Sono seduta. Al tavolino di un bar. Abito di sartoria, gessato scuro, camicia bianca, cravatta. Scarpe oxford, modello donna, fortunatamente portando il 41 riesco a trovarle. Assomigliano a quelle maschili, solo un pò più aggraziate. Tra il bordo dei pantaloni e le scarpe si intuiscono i collant neri.
Inaspettatamente si avvicina una persona. “Scusi, permette?” “Prego” in quel momento realizzo che potrebbe aver notato le mie caviglie. Ho le gambe accavallate ed ho paura che ogni mossa possa sottolineare ulteriormente la mia vera identità.
Mentre prende lo zucchero mi dice senza guardarmi “Che bellissime caviglie. Lasciano immaginare gambe splendide”. Sono in stato confusionale. Riesco solo a mormorare “grazie”. Lascia un biglietto sul tavolo e si allontana.
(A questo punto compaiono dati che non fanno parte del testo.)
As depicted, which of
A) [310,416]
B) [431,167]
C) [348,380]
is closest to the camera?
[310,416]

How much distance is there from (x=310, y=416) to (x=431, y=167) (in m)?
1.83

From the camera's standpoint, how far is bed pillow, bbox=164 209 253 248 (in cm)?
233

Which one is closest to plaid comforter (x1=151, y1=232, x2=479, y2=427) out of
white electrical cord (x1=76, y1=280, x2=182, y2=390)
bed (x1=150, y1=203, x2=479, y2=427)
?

Ho il cuore in gola. Il tutto è durato pochi secondi, ma mi sono sentita femmina, donna fino al midollo.
Prendo il biglietto. “Chiamami. Bellissima creatura” ed un numero. Mi alzo. Mentre percorro il corridoio del centro commerciale guardo la mia immagine riflessa. Vedo Alessia.
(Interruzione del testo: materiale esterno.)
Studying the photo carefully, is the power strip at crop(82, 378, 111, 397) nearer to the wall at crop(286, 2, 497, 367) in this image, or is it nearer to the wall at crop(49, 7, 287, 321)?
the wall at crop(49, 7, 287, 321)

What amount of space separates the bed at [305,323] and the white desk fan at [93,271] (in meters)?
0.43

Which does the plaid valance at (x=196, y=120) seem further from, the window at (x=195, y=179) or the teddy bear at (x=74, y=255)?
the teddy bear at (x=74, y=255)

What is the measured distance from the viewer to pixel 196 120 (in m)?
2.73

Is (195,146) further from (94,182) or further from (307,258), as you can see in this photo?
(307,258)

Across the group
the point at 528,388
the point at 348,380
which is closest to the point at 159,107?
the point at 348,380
Raggiunta la macchina nei sotterranei prendo coraggi e compongo il numero. “Ciao Bellissima, grazie per avermi chiamato. Volevo dirti che sprizzi sensualità. La tua femminilità travalica le convenzioni per le quali sei vestita da uomo. Vorrei incontrarti. Anche subito se vuoi” Attimi di silenzio. Con un filo di voce. “Va bene. Da adesso chiamami Alessia. Sono nel posteggio sotterraneo. Scendi con gli ascensori.” Appendo. So già come comportarmi. Aprò il borsone che ho in fianco. Indosso la parrucca nera a caschetto. Metto il lucida labbra e un pò di mascara. Infine indosso le mie decollete di pelle nera, tacco 11. Sembra una manager in carriera. Mi avvio verso il locale ascensori. Mi fermo in un cono d’ombra.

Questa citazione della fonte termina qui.